Most persons imagine that infantry, armed with the modern long-range magazine-rifles, can go into battle, and shoot large numbers of an enemy, and that, if the infantry is numerous and daring enough and brave enough, they will be able to whip the enemy without the support of field artillery. This is a grave error. An army of a million men, consisting entirely of infantry, armed with modern shoulder-arms, would be completely over-matched and easily defeated by an army of 25,000 men amply equipped with modern field artillery. The infantry would be wholly unable to get within musket-range, because they would all be destroyed by the shrapnel of the enemy before they could get near enough to fire a single effective shot.
A hundred thousand English, Germans, or Japanese, equipped with the longest and best modern field artillery, with plenty of ammunition and supply trains, air-scouts and engineer corps, could, in our present defenseless condition, march through this country as Xenophon's ten thousand marched through ancient Persia. They could cut their way through all opposition that we could offer. We have neither the infantry, nor the artillery, nor the cavalry, to oppose them, and the artillery we have is of so much shorter range that at no time could we get near enough to the enemy to reach him with our guns.
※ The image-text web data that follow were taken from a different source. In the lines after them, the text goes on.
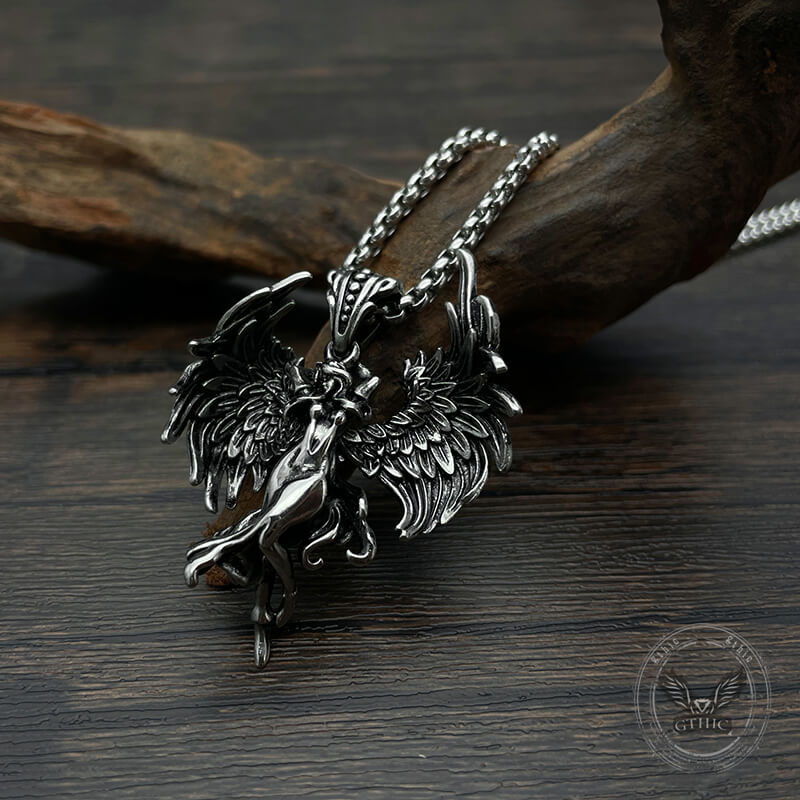 Vintage Guardian Angel Wings Stainless Steel Pendant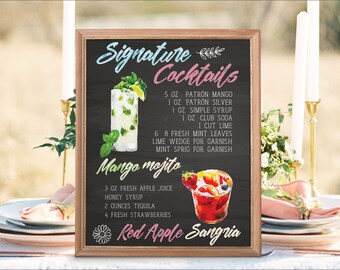 Digital Printable Wedding Menu Sign, Watercolor Wedding Bar Menu, Wedding Cocktails Bar Signature Drinks Chalkboard Christmas New Year IDMC6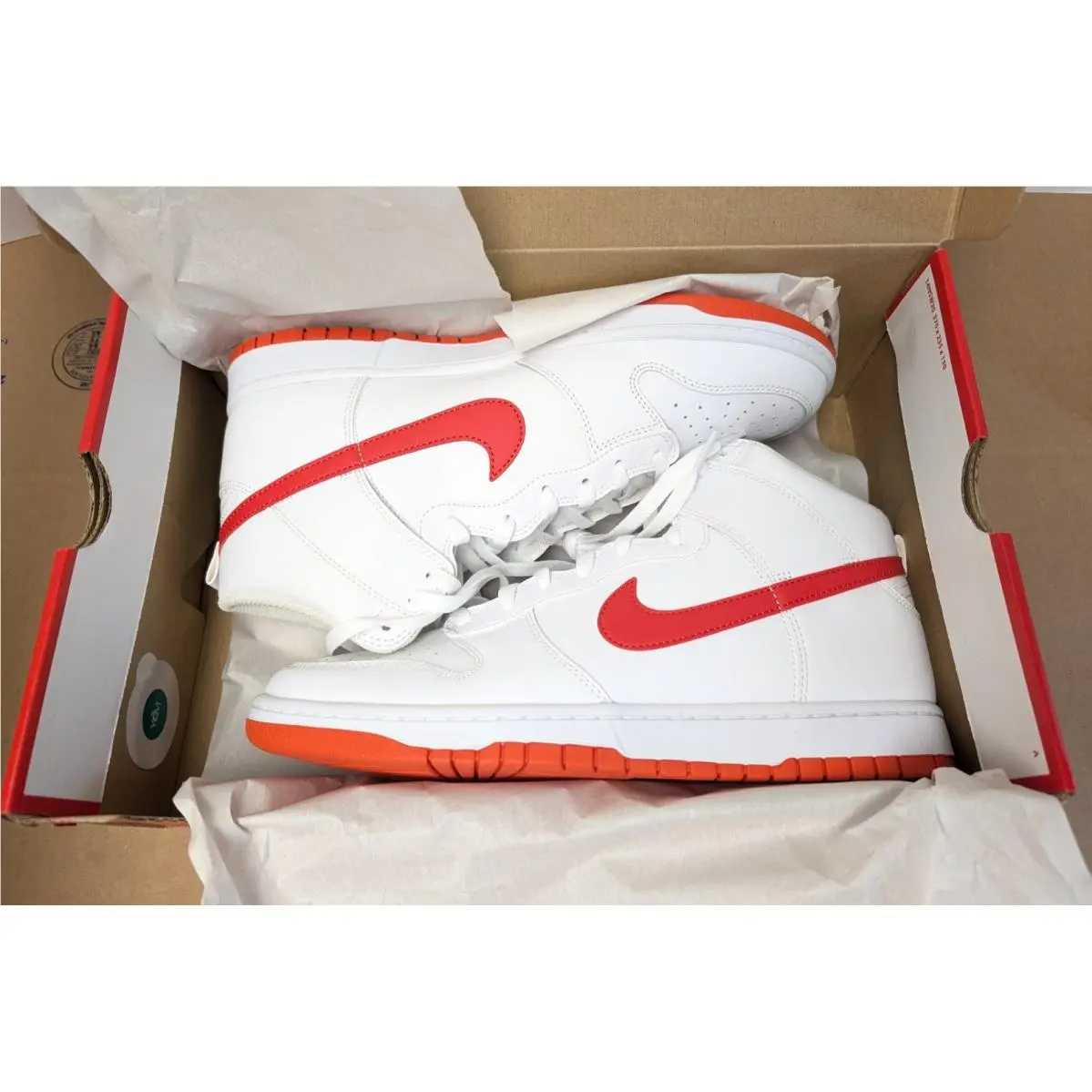 Nike Men`s Dunk Hi-retro Sneakers - White/picante Red - DV0828-100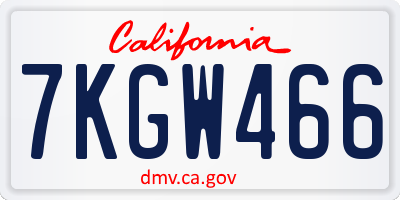 CA license plate 7KGW466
If war comes between us and any of the Great Powers, the splendid young men of the country—husbands, fathers, sons, brothers, lovers—will have to go to the front and meet the invaders.
If they go forward equipped with the necessary arms, ammunition, and enginery of war, and are well trained and well officered, then they will be able not only to hold their own against the invaders, with comparatively little loss of life, but also to repel and drive out the enemy and save our land from spoliation and our homes from despoliation.
If, on the other hand, they are to be sent forward without the necessary arms, ammunition, and enginery, and without training, and incompetently or incompletely officered, as the pacifist propagandists and other sentimentalists are advising and planning that they be sent, then they will go just like lambs to the slaughter.
The zone of fire in front of the enemy's trenches will be heaped high, acres wide and miles long, with their dead bodies; and writhing, groaning, shrieking, agonized forms of the wounded will crawl over and under the dead toward the hope of safety and mercy.
Into such a hell are the hyper-sentimental peace sophists planning to send those you most love, those to whom you most cling, and on whom you most depend; and you are aiding and abetting the crime if you believe the words of these false reasoners.
Every word you aim against necessary preparedness for war may, in the final reckoning, aim a gun at the heart of him whom you love more than all the world; and you might be able to say a word that would protect him with a gun.